Given records —
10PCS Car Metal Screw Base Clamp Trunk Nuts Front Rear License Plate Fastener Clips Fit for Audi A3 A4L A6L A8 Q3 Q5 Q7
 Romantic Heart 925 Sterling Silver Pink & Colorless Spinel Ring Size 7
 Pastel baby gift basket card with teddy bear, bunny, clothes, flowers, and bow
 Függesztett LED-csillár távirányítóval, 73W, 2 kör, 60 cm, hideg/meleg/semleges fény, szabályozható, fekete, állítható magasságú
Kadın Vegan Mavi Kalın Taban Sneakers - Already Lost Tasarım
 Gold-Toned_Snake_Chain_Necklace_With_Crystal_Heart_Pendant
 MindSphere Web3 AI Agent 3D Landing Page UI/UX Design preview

Task directions —
Where a line contains "Függesztett LED-csillár távirányítóval, 73W, 2", begin there and output each line through the end of the data above, exactly; give no other lines.

Answer section —
 Függesztett LED-csillár távirányítóval, 73W, 2 kör, 60 cm, hideg/meleg/semleges fény, szabályozható, fekete, állítható magasságú
Kadın Vegan Mavi Kalın Taban Sneakers - Already Lost Tasarım
 Gold-Toned_Snake_Chain_Necklace_With_Crystal_Heart_Pendant
 MindSphere Web3 AI Agent 3D Landing Page UI/UX Design preview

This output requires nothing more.